Many children with autoinflammation with infantile enterocolitis experience significant improvement in their intestinal symptoms as they grow older, with some having complete resolution of the enterocolitis by later childhood. However, the underlying condition persists, and affected individuals continue to be susceptible to periodic inflammatory flares throughout their lives, which may be triggered by infections, stress, or exertion.

What triggers inflammatory flares in AIFEC?

Common triggers for inflammatory flares include viral infections, physical overexertion, fatigue, and emotional or physical stress. However, flares can sometimes occur without any identifiable trigger. Understanding and avoiding triggers when possible may help reduce the frequency of episodes, though this is not always achievable, especially in young children.

Is autoinflammation with infantile enterocolitis contagious?

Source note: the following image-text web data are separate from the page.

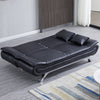 Black Leather Sofa Bed Recliner Chair Sleeper Sofa Bed 2/3 Seaters Couch Sleeper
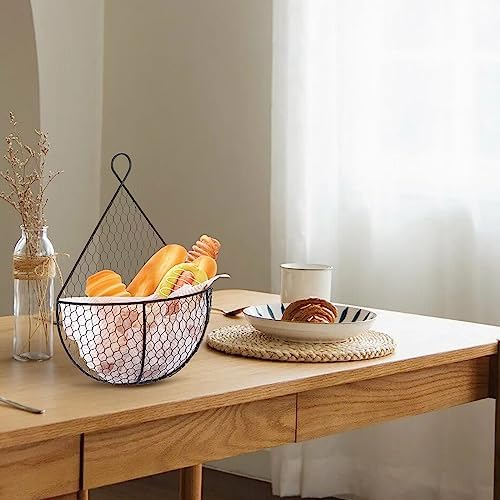 BSTKEY Set of 2 Hanging Black Metal Fruit Vegetable Baskets
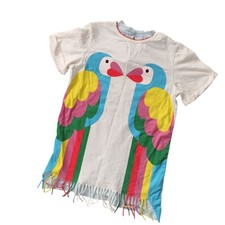 Stella McCartney Kids Parrot Print T-Shirt Dress 4 Cotton Fun Fringe Tunic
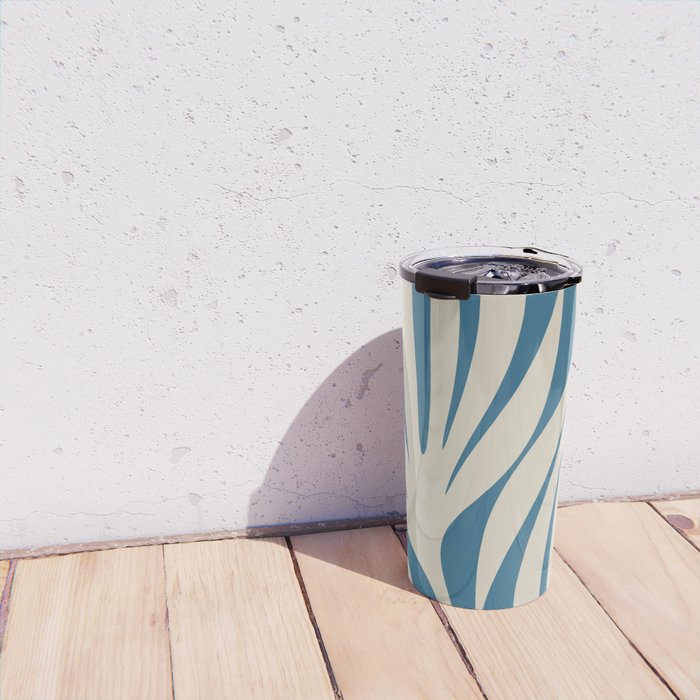 Maldives Leaves Abstract Pattern in Boho Blue and Beige Travel Mug Gallery Image 4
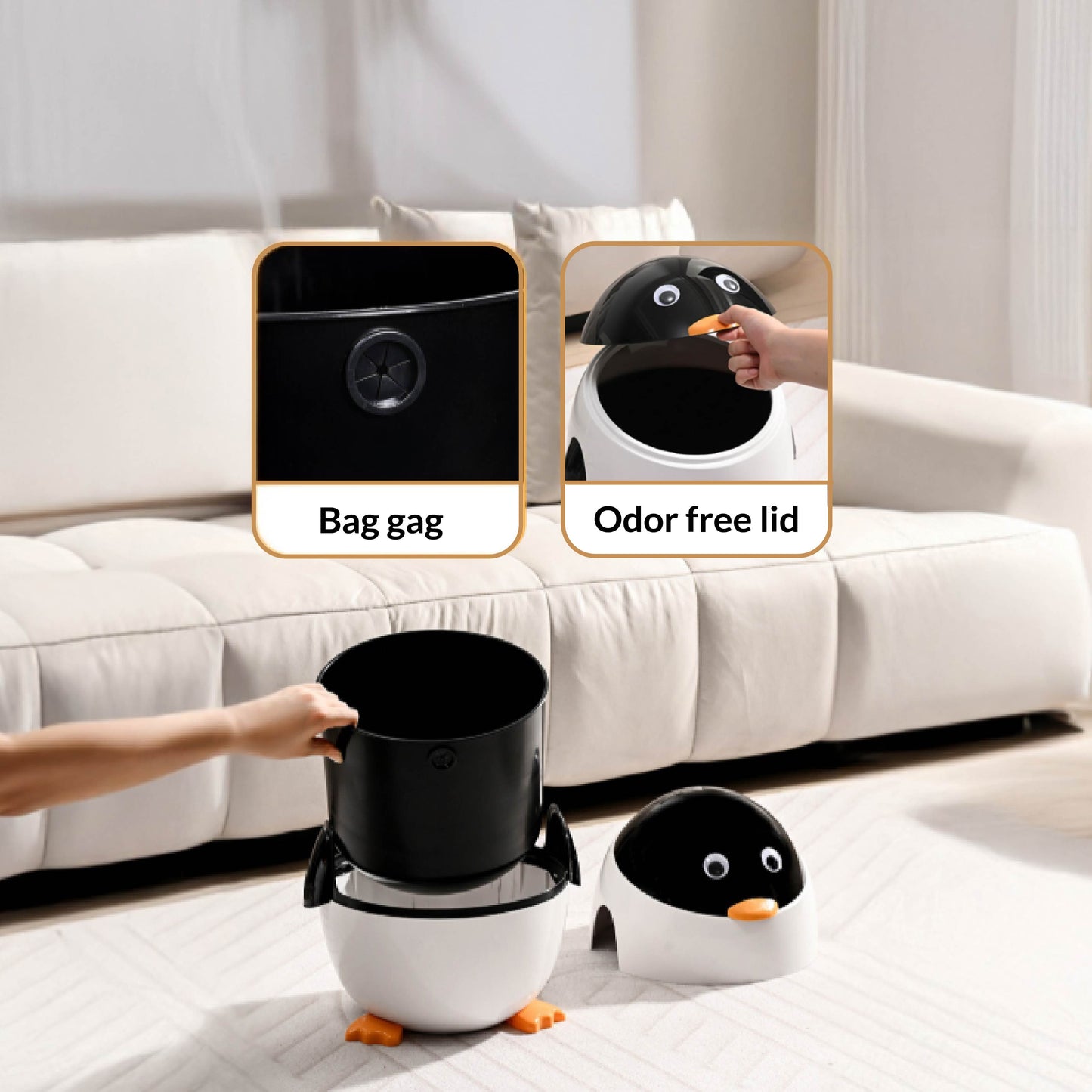 Cute Cartoon Penguin Trash Can with Flip Lid for Kids Room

No, autoinflammation with infantile enterocolitis is not contagious and cannot be spread from person to person. It is a genetic condition caused by mutations in the NLRC4 gene that are present from birth. While viral infections can trigger flares in people who have the condition, the disease itself cannot be transmitted to others.

🎯 Key Takeaways

  • Autoinflammation with infantile enterocolitis is an extremely rare genetic condition caused by mutations in the NLRC4 gene, affecting fewer than one in a million people worldwide.
  • The disease follows an autosomal dominant inheritance pattern, meaning a child has a 50 percent chance of inheriting the condition if one parent carries the mutation.
  • Symptoms typically begin in the first week or month of life with severe intestinal inflammation, diarrhea, vomiting, fever, and failure to thrive.
  • The intestinal symptoms often improve with age, but periodic fever episodes and systemic inflammation continue throughout life, triggered by infections, stress, or exertion.
  • The condition results from overactivation of the NLRC4 inflammasome, leading to excessive production of inflammatory cytokines, particularly IL-18 and IL-1β.
  • Markedly elevated blood levels of IL-18—often hundreds of times higher than normal—serve as an important diagnostic marker for the disease.
  • Severe flares can lead to life-threatening complications including blood cell abnormalities, coagulopathy, organ failure, and death if not treated promptly.
  • While there is no cure, early diagnosis through genetic testing and prompt treatment with targeted therapies can significantly improve outcomes and prevent fatal complications.